Still, there are those who come away from the Mona Lisa — assuming they can manage to get back out through the mass of humanity — wondering what all the fuss is about. It was for them, presumably, that curator James Payne chose that painting as the first subject of his Youtube series Great Art Explained.
As he would in his subsequent episodes (such as his three-part series, previously featured here on Open Culture, about Hieronymus Bosch’s The Garden of Earthly Delights), Payne casts off the accumulated historical speculation and other various forms of cultural baggage to find the work’s artistic core. In the case of the Mona Lisa, not just “the greatest psychological portrait ever painted” but “the end product of the greatest inquisitive mind in history,” that still leaves much to discuss.

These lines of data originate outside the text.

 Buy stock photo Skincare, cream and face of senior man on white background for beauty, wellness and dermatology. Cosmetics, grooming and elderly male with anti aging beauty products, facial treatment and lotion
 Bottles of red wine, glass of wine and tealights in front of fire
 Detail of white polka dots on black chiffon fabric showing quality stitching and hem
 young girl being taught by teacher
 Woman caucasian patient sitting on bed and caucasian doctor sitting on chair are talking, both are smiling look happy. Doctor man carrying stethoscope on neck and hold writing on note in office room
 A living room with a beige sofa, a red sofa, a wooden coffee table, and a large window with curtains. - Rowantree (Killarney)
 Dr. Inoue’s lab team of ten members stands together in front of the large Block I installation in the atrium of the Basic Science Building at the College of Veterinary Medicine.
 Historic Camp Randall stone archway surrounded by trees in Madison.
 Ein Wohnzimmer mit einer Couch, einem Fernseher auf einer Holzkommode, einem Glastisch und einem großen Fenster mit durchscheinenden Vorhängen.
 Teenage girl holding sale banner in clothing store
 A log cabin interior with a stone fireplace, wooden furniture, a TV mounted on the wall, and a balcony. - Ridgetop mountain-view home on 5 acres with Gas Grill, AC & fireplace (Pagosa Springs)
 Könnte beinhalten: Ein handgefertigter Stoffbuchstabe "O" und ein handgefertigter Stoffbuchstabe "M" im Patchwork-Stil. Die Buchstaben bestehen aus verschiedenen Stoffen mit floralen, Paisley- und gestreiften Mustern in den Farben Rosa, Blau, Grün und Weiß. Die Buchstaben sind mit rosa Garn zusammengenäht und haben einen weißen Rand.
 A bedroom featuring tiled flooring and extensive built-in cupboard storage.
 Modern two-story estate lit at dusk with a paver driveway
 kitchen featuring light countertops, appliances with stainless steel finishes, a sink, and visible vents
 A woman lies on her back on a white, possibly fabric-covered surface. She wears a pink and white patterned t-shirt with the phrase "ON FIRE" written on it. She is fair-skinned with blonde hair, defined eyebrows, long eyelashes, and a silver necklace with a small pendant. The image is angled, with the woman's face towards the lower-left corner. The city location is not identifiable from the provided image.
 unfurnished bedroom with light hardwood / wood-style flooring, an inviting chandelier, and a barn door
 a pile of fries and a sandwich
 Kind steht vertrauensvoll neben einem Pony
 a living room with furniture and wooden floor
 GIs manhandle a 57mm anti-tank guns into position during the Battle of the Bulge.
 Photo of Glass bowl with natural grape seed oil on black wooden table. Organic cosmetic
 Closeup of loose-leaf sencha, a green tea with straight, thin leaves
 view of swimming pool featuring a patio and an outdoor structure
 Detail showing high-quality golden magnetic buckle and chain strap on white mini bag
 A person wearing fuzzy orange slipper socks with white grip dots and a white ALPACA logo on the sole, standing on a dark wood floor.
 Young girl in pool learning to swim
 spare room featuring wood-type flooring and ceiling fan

In under fifteen minutes, Payne explains a host of the techniques Leonardo employed in painting the Mona Lisa that no artist of his time and place had used before — and indeed, that in some cases no other artists mastered until long thereafter. These include working on top of an under-layer of white paint that appears to be “lighting Mona Lisa from within,” stripping his subject of “all the usual high-status symbols” usually seen in aristocratic portraiture, depicting her at three-quarters length rather than in full frame, making the background fade into the distance while also suggesting motion, and combining the techniques of low-contrast sfumato and high-contrast chiaroscuro. And only a painter with Leonardo’s anatomical knowledge could have executed that famously subtle smile, which appears and vanishes again depending on which part of the Mona Lisa we look at — no matter whether we’re doing it at the Louvre or on Youtube.
Related Content:
Did Leonardo da Vinci Paint a First Mona Lisa Before The Mona Lisa?
Original Portrait of the Mona Lisa Found Beneath the Paint Layers of da Vinci’s Masterpiece
When Pablo Picasso and Guillaume Apollinaire Were Accused of Stealing the Mona Lisa (1911)
Based in Seoul, Colin Marshall writes and broadcasts on cities, language, and culture. His projects include the Substack newsletter Books on Cities, the book The Stateless City: a Walk through 21st-Century Los Angeles and the video series The City in Cinema. Follow him on Twitter at @colinmarshall or on Facebook.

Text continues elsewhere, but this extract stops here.